Jeszcze jedna myśl - nie da się ukryć - te problemy powoduje zamknięty sterownik nvidii, bo tylko on może wygenerować sprzętową zwiechę. Z drugiej strony jak patrzę sobie na sterowniki Ati które mam na trzecim komputerze to mnie krew zalewa. Fglrx nie da się używać, no chyba, że ktoś nie używa composite, albo nie zmienia rozmiaru okien (trwa to wieki). Wolnych sterowników nie ma i pewnie jeszcze jakiś czas nie będzie. No bo co z tego, że phoronix trąbi o tym w kółko, jak nad tymi sterami pod r7xx pracuje może 3, no max 4 developerów. Za to u Nvidii mamy szybciutkie KDE4 (mimo początkowych problemów), szybką akcelerację 3D, bezproblemowe Wine i VDPAU które po prostu wymiata.
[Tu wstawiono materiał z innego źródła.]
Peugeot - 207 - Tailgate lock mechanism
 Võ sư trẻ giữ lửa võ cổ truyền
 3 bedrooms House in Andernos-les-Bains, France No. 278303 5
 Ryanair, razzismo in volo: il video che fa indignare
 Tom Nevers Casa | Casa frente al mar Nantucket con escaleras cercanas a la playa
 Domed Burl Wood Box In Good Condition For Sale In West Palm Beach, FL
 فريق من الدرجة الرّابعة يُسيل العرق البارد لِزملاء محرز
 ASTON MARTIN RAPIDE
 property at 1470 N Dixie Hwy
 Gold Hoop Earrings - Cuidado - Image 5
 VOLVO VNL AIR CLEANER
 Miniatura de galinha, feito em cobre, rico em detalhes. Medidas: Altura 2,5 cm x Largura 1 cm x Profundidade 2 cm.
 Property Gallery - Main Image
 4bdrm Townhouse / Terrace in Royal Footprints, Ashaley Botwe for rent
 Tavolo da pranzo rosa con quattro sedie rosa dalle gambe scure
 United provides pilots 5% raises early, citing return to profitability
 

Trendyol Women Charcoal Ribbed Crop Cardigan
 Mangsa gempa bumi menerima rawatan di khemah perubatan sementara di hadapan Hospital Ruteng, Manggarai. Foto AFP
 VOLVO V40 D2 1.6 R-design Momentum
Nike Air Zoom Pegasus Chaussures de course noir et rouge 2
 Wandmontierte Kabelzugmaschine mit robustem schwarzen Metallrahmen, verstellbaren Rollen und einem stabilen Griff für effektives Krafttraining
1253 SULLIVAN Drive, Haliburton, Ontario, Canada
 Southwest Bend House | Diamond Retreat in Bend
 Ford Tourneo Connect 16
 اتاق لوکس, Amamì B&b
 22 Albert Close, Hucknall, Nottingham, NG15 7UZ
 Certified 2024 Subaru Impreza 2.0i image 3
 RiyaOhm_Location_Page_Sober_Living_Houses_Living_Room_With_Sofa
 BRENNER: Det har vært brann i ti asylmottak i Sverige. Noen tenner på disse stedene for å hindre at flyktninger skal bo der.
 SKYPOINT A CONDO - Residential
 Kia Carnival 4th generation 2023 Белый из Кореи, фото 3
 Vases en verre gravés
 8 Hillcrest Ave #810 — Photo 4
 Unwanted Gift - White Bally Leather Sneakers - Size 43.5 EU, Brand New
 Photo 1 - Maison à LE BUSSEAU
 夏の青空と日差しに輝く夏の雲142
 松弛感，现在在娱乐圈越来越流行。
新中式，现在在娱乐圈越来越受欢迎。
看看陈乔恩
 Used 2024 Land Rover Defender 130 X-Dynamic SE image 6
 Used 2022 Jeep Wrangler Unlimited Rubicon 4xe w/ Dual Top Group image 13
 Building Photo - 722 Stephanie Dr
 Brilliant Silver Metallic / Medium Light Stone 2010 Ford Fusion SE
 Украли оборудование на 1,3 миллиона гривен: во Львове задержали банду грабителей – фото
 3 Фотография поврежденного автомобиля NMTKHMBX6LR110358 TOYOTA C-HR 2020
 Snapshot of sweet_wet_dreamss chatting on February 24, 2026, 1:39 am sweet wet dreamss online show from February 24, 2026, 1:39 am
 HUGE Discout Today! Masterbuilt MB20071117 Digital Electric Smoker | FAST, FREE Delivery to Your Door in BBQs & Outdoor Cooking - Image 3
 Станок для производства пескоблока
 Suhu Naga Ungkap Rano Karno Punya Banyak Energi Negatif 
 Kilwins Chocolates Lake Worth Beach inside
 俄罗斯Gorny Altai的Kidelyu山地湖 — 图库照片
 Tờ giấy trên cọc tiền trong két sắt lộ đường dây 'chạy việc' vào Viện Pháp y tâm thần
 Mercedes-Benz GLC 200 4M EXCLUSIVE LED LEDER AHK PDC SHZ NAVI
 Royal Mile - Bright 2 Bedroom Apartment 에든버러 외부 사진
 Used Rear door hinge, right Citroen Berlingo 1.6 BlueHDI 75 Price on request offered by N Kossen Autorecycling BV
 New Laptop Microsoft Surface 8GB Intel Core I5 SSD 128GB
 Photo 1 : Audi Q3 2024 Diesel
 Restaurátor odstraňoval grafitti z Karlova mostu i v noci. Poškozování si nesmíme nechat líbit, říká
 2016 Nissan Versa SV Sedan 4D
XBMC z całym 3D-bajerem jaki oferuje, nie obciąża semprona 3000+ przy odtwarzaniu HD 1080p na tyle, by wskoczył na pełne obroty - obciążenie procesora 10% przy 1000MHz na jaki ustawia go cpufrequtils (standardowo 1800MHz). Nie mówiąc już o tym, że w Ati o kompatybilności z kernelem 2.6.30 czy xorg-server 1.6.x można tylko pomarzyć... A Nvidia po prostu działa, z małymi wyjątkami jak mój przypadek. Ku przestrodze dla kupujących - po roku romansu z Ati zostałem skutecznie oduczony używania Linuxa na komputerze w nią wyposażonym. Nvidii to się nie udało i raczej się nie uda. To mówi samo za siebie :p

----------